I found this really interesting site/post about the Brunei language. This is a good read especially those of you who are curious about the fast and weird slang we Bruneians have.
Do you ever notice that Brunei is always pronounced as Brun-ai?
Please check at the sound of vowel "a" at this webpage if you are unsure of what I meant, grrrr!
Only three vowel soudns are available in Bruneian Malay -- a, i, u. Wan's little head starts to experiment -- Brun-a-i, Brun-i-i or Brun-u-i...of course, Brun-a-i sounds better for the oil-rich kingdom that once ruled the whole of Borneo island.
Eh, then what happen to imbuhan such as "me" and "ber" ? Well, they become "man" and "bar".
That is to say, "memasak" becomes "mamasak" and "berjalan" is theoretically " bar + jalan" then evolves into "bajalan". No...I didn't make a typing mistake...it's "bajalan" alright as omission of the letter r is a characteristic.
"Ber...i" is an extinct imbuhan for standard Malay but very much alive in the form of "Bar...i". Examples: " basirai" which is the equivalent of "dibubuh garam" and, "babaki" which is " dibaiki".
Here's one imbuhan that I'm fond of...imbuhan sisipan "-la-" ( imbuhan sisipan is infix ). Nowadays schools teach you that armpit is "ketiak" but we kids love to joke about " kalatiyak". In fact, we prefer "kalatiyak" to "ketiak".
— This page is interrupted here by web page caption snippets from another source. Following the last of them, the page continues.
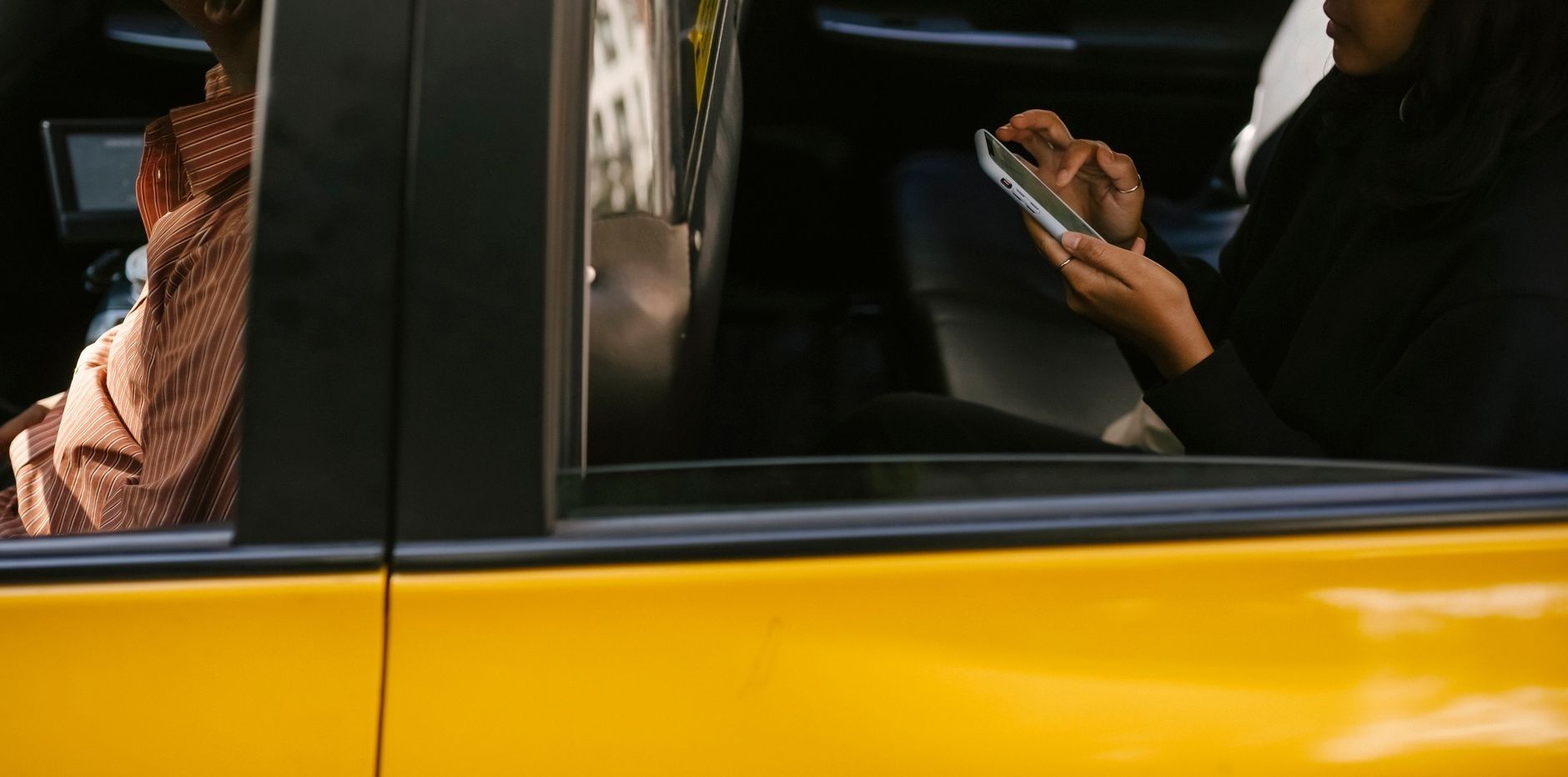 Person använder en mobil i en gul bil under en resa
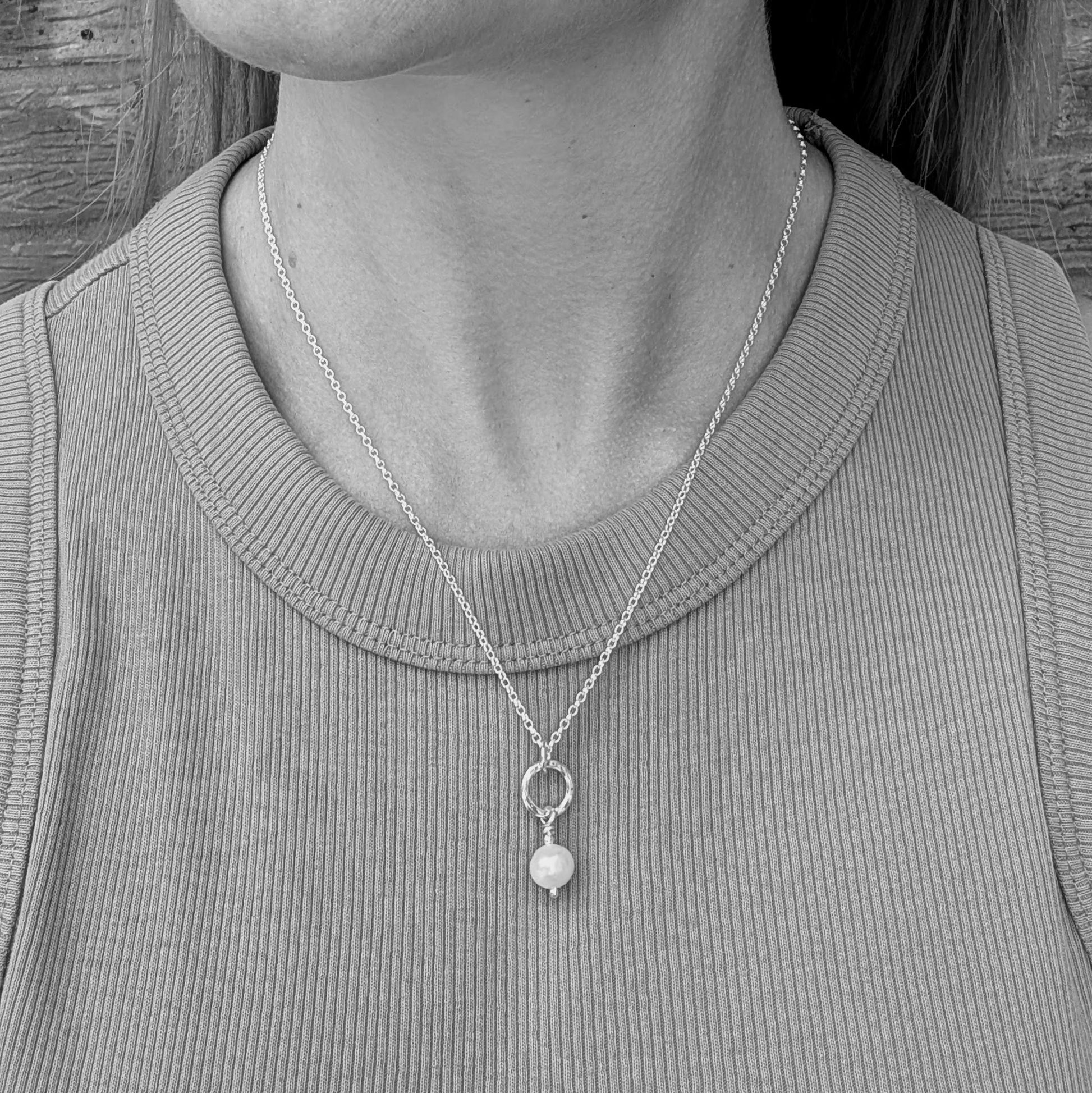 Black and white close-up of a person wearing a sterling silver necklace with a small silver circle and a white pearl drop pendant, resting just below the collarbone.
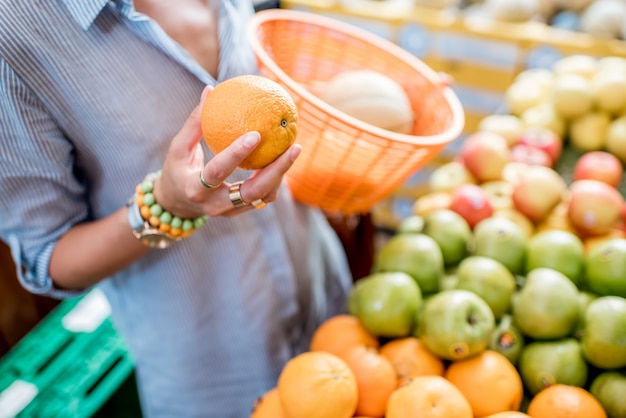 Frau, die frische Orangen mit Korb auf dem Lebensmittelmarkt mit Obst und Gemüse wählt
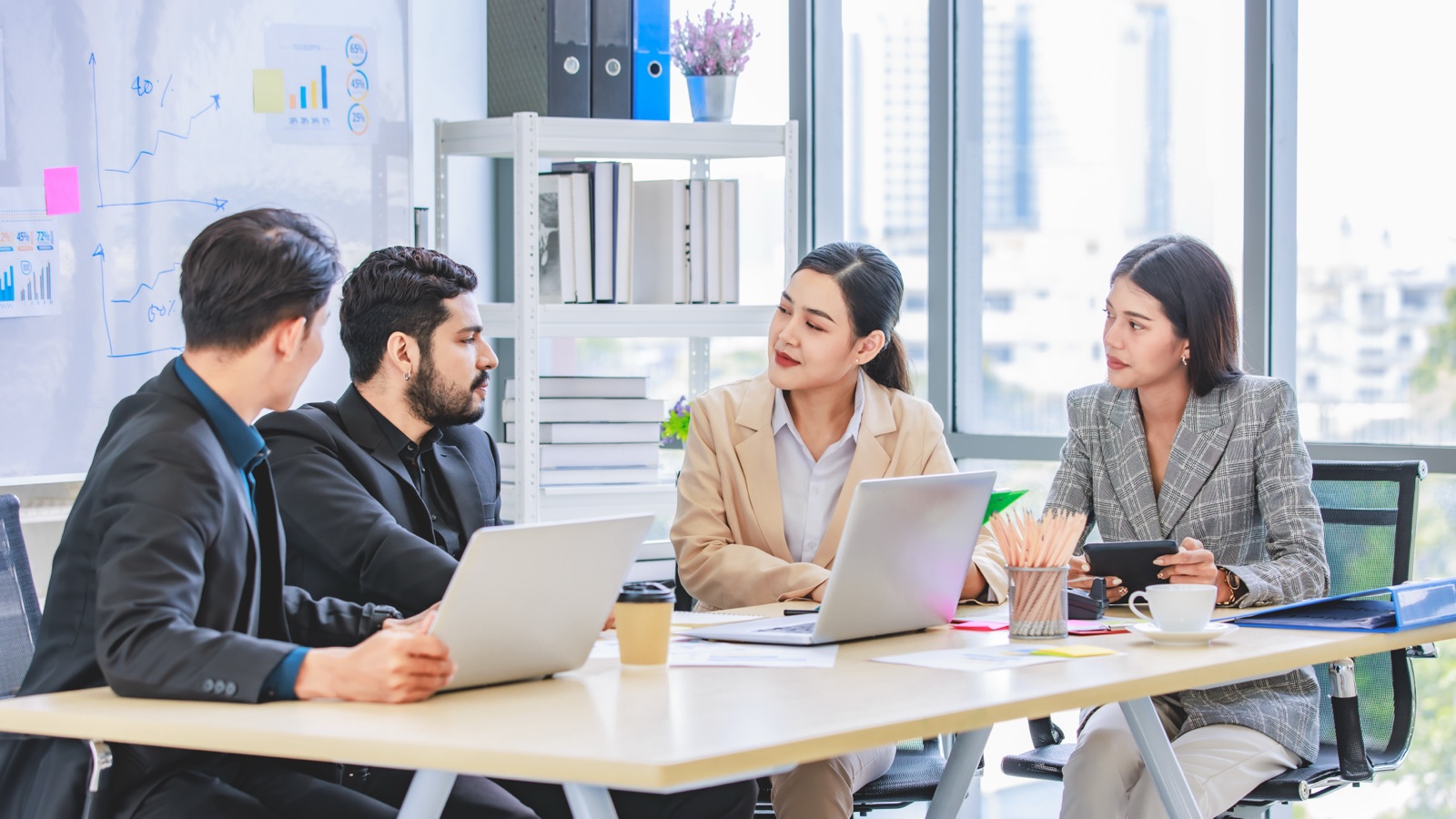 A diverse team of Indian professionals in a meeting, working on laptops around a table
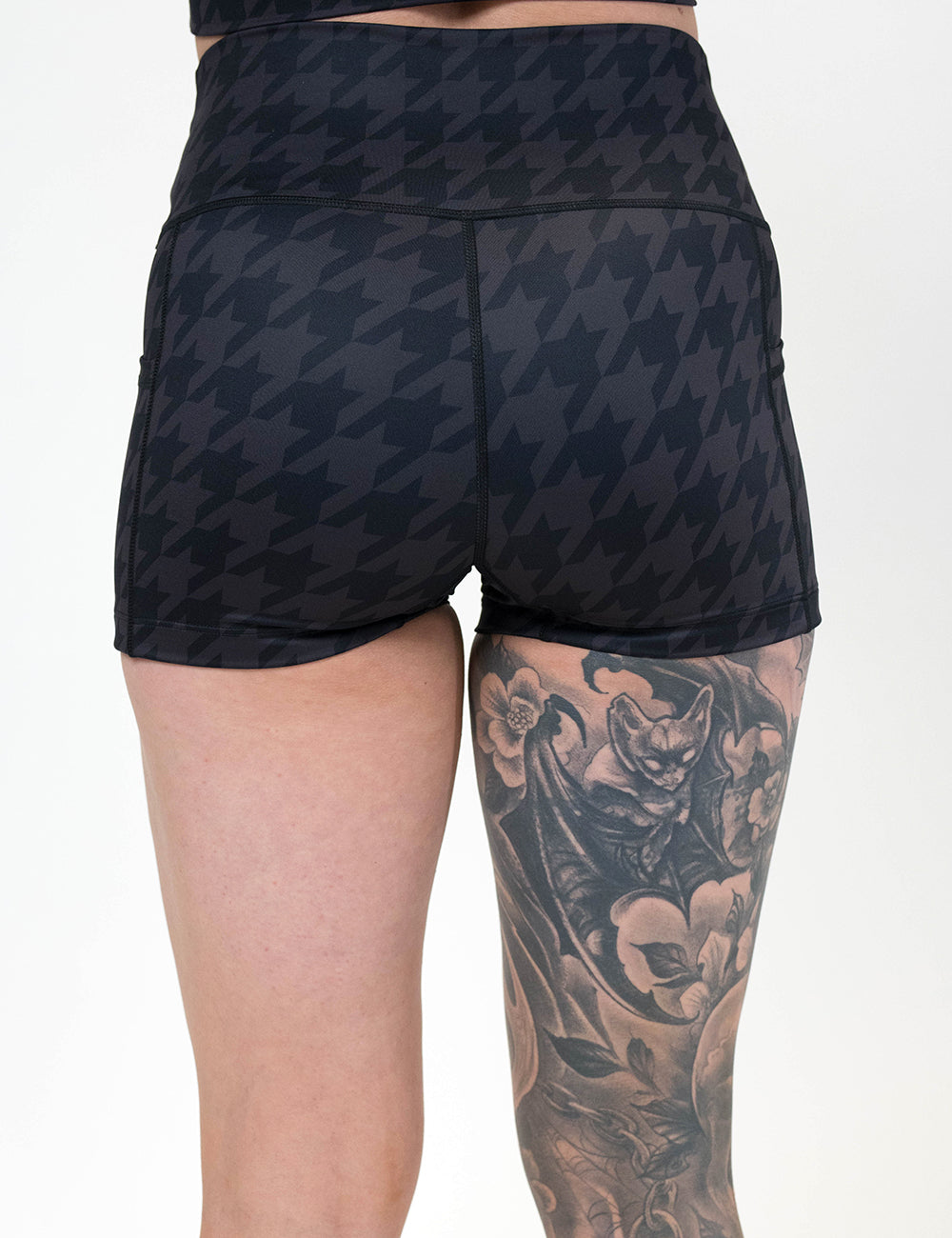 back of the 2.5 inch dark houndstooth pattern shorts against a white background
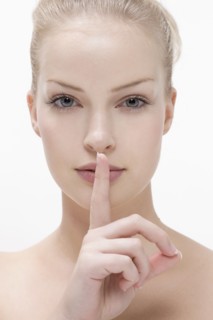 Young woman pressing finger against mouth. Photo : Jan Scherders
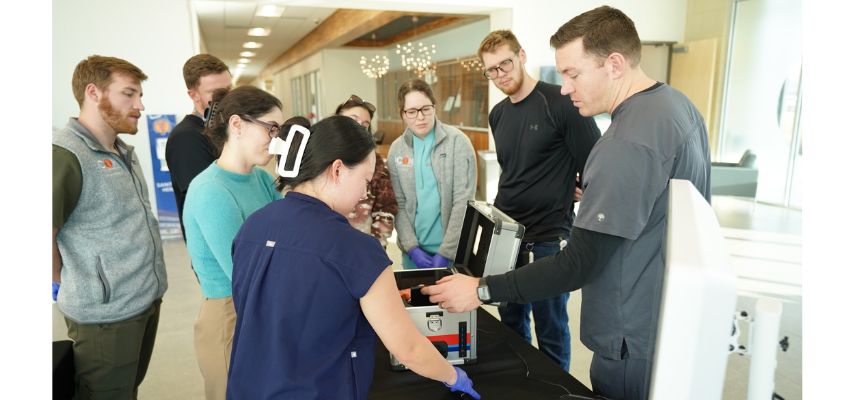 Students gather around a demonstration table as an instructor explains the use of medical equipment during a training session.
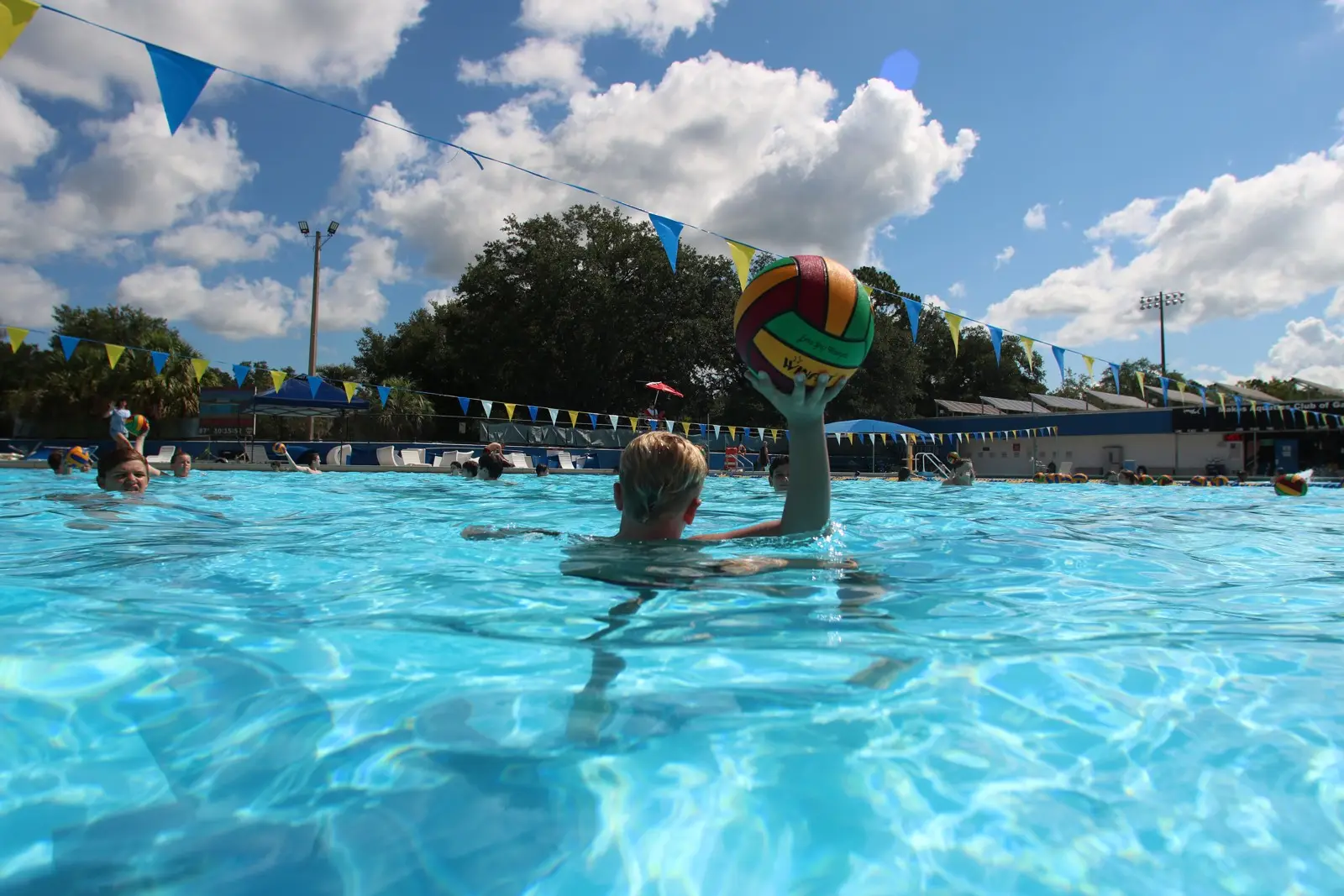 An athlete shooting under summer clouds and pennant flags at the outdoor pool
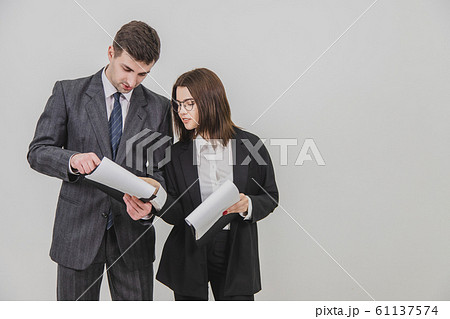 Successful businesspartners standing, holding clipboards, flipping over pages, looking through the documents, discussing important issues. Successful businesspartners standing, holding clipboards, flipping over pages, looking through the documents, discussing important issues. 61137574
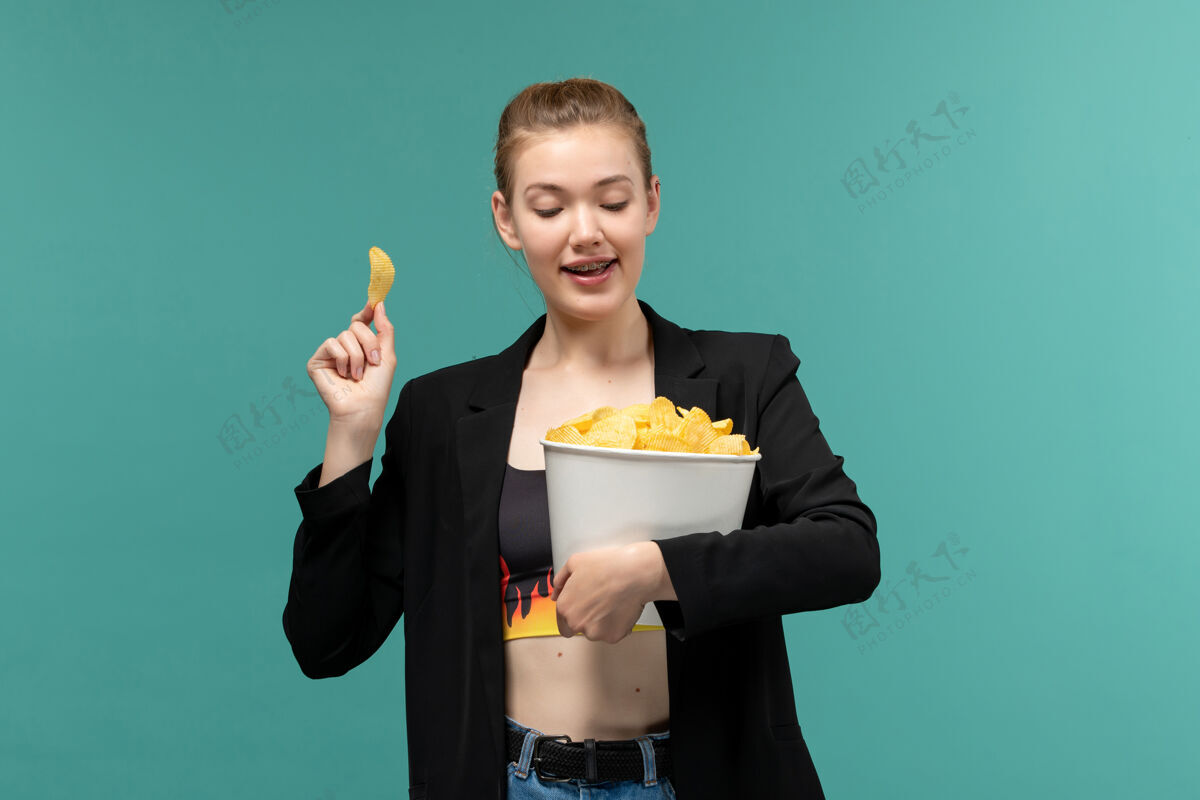 女正面图：年轻的女性拿着薯片在蓝色的桌子上看电影西装男电影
By now you should know that I didn't accidentally type an extra "y" for kalatiyak. Yeap, a letter is inserted to smoothen the pronunciation of words such as ..."katiak". Another example is "tiyang" for "tiang".
The most popular export word of Bruneian Malay is "-bah". Bruneians use "bah" a lot to invite, agree, get attention and prohibit. Apparently their neighbours the Sabahans love the usefulness of "bah" so much to the extent of adopting "bah" to their Malay.
When a Bruneian asks: " Siapa nama kita?" He is asking to know YOUR name. They use " kita" instead of "awak" as a gesture of respect. Would you like to hear how they say it? Go to this website to hear the sound files.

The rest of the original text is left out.